Problem to solve = Your task is to return all of the records exactly, minus any images.

Entries supplied =
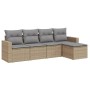 Garden sofa set with cushions 5 pieces beige synthetic rattan by , Garden sets - Ref: Foro24-3218879, Price: 295,05 €, Discou...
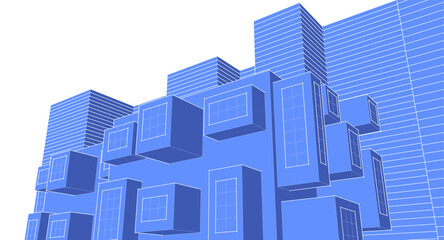 abstract modern architecture 3d illustration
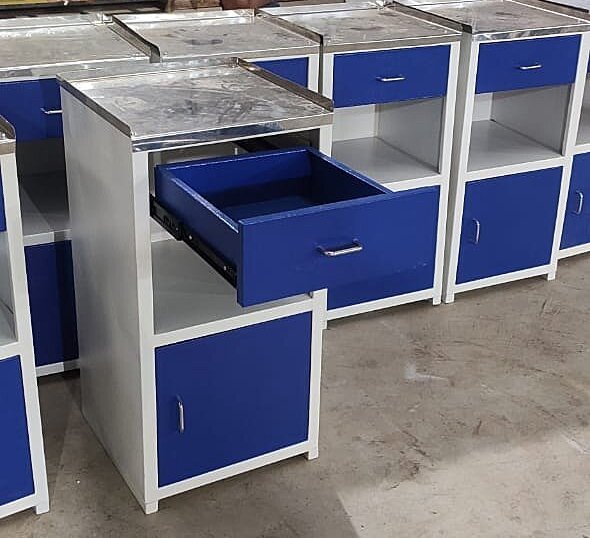 Standard Bedside Locker - Mild Steel With Stainless Steel 304 Top Blue Finish | Indian Style Hospital Trolley Commercial Furniture
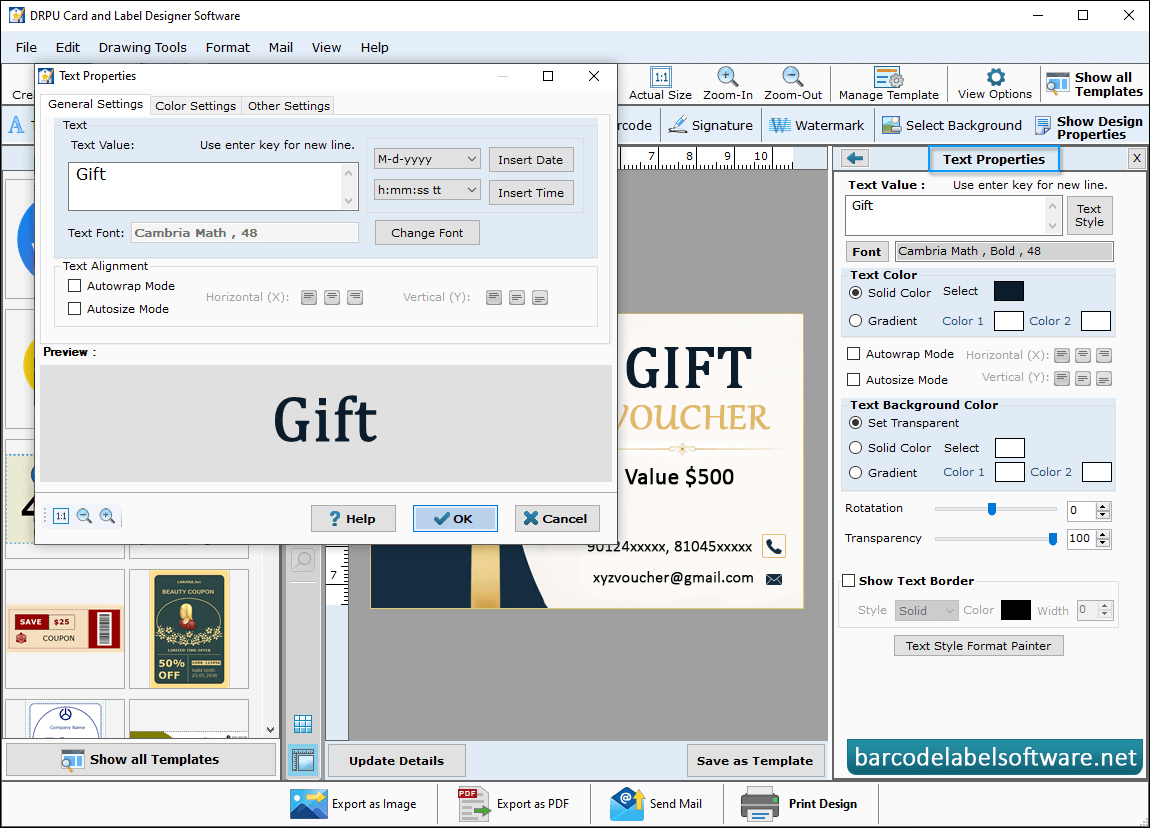 Card and Label Maker Software Text Properties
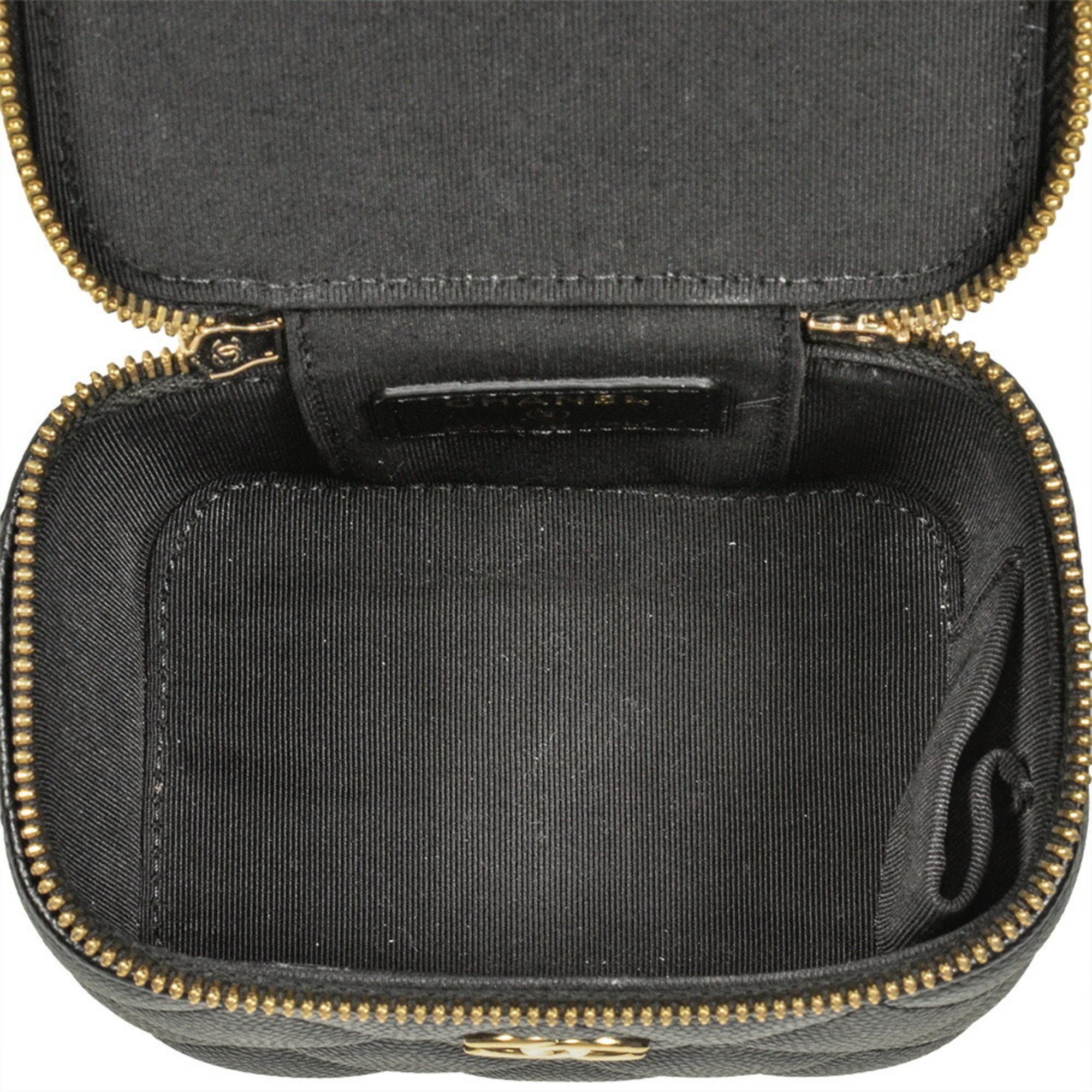Chanel Black Grained Calfskin Vanity Bag (Pre-Owned)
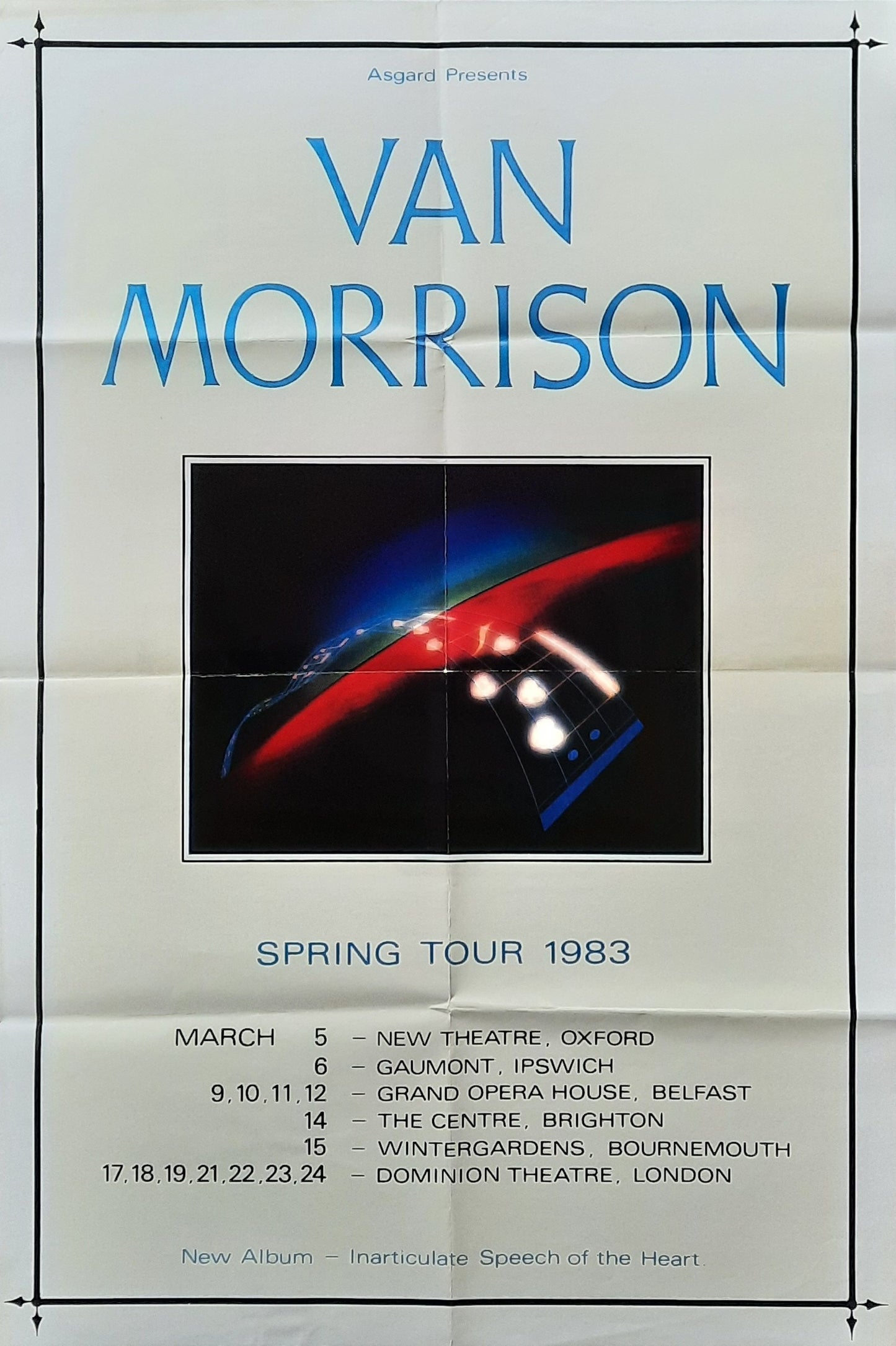 VAN MORRISON Original Concert Poster 1983 UK Tour 50 x 74 2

Written answer =
 Garden sofa set with cushions 5 pieces beige synthetic rattan by , Garden sets - Ref: Foro24-3218879, Price: 295,05 €, Discou...
 abstract modern architecture 3d illustration
 Standard Bedside Locker - Mild Steel With Stainless Steel 304 Top Blue Finish | Indian Style Hospital Trolley Commercial Furniture
 Card and Label Maker Software Text Properties
Chanel Black Grained Calfskin Vanity Bag (Pre-Owned)
 VAN MORRISON Original Concert Poster 1983 UK Tour 50 x 74 2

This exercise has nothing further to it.